The home location pixel is: home_x = (home_tile_x - x_min) * 256 + home_pixel_offset_x (and similarly for y), where home_pixel_offset_x is the sub-tile offset computed from the fractional tile coordinate. Crop symmetrically around this point; clamp to canvas bounds.

BACKGROUND_PATH and AIRSPACE_PATH from constants

Both paths must be imported from planemapper.constants, never hardcoded:

from planemapper.constants import BACKGROUND_PATH, AIRSPACE_PATH

POST /submit synchronous approach

For MVP, the browser connection stays open while provisioning runs (no background thread). The handler executes: join WiFi → download tiles → download airspace → validate → write config → kill WiFi. This means the browser may wait 2–5 minutes.

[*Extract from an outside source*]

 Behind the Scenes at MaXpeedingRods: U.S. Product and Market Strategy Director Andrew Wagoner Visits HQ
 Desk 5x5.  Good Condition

The "Downloading…" page is returned as the HTTP response body in a single blocking return — but given Flask's synchronous mode, this means we must render the "Downloading…" response first and then run provisioning. The simplest approach is to use Flask's Response with a generator or to use after_this_request. A pragmatic MVP alternative: return the status page as a streamed response (use flask.stream_with_context or a plain generator response) so the browser renders "Downloading…" immediately, then provisioning runs synchronously before the stream closes.

If streaming is overly complex, an acceptable fallback is to use threading.Thread to run provisioning in the background and return the status page immediately. The test should mock all provisioning calls regardless.

OpenAIP API key fallback

If OPENAIP_API_KEY is not set in the environment, write an empty GeoJSON and degrade gracefully — airspace outlines are a cosmetic overlay and the device is fully functional without them. This avoids a hard dependency on a third-party API key for provisioning to succeed.

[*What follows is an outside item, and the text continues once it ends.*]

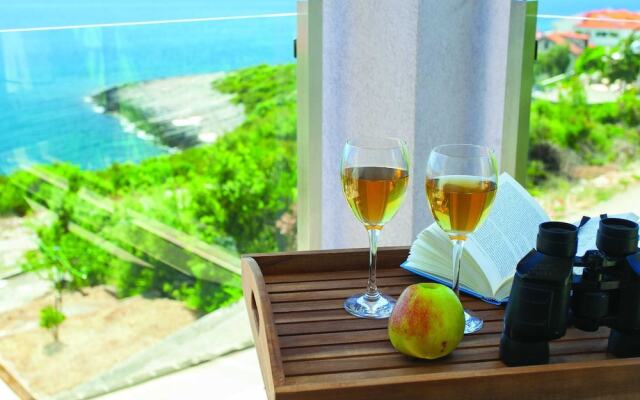 Charming Holiday Home in Cara With Swimming Pool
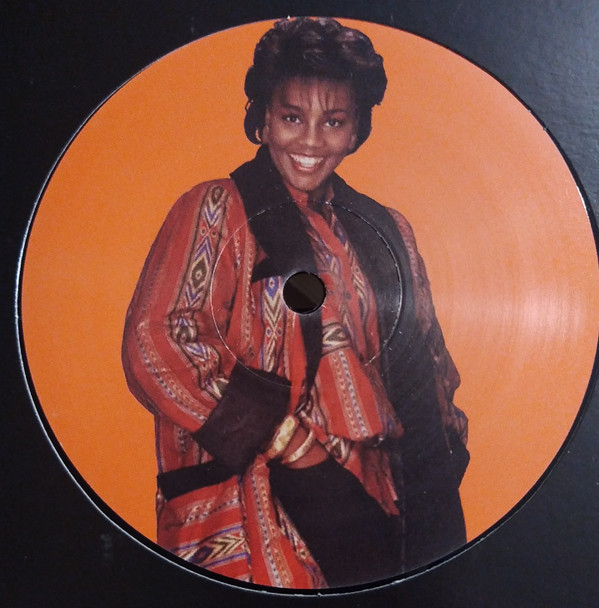 Sonja Ryshard - Step Back | Freestyle Records (FSR112)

EMPTY_GEOJSON = '{"type": "FeatureCollection", "features": []}'

Patching paths in tests

Tests must patch BACKGROUND_PATH and AIRSPACE_PATH to tmp_path entries to avoid any writes to /etc/planemapper/. Use unittest.mock.patch targeting the module-level name:

from unittest.mock import patch
from pathlib import Path

def test_download_and_composite(tmp_path, mock_tile_response):
    bg_path = tmp_path / "background.png"
    with patch("planemapper.provisioning.tiles.BACKGROUND_PATH", bg_path):
        download_and_composite(51.5, -0.1, 100)
    assert bg_path.exists()

Similarly for AIRSPACE_PATH in airspace tests.

subprocess mock for nmcli and rfkill

from unittest.mock import patch, MagicMock
import subprocess

@patch("planemapper.provisioning.wifi.subprocess.run")
def test_join_home_wifi_success(mock_run):
    mock_run.return_value = subprocess.CompletedProcess(args=[], returncode=0)
    join_home_wifi("MySSID", "MyPass")  # should not raise
    mock_run.assert_called_once()

Mock subprocess.run at the module where it is used (planemapper.provisioning.wifi.subprocess.run), not at the subprocess package level.

Coordinate convention

All internal functions use (lat, lon) order — never (lon, lat). The bounding box computation (lat ± radius_deg, lon ± radius_deg) follows this convention. The radius in degrees is approximated as radius_nm / 60.0 (1 arcminute ≈ 1 nautical mile).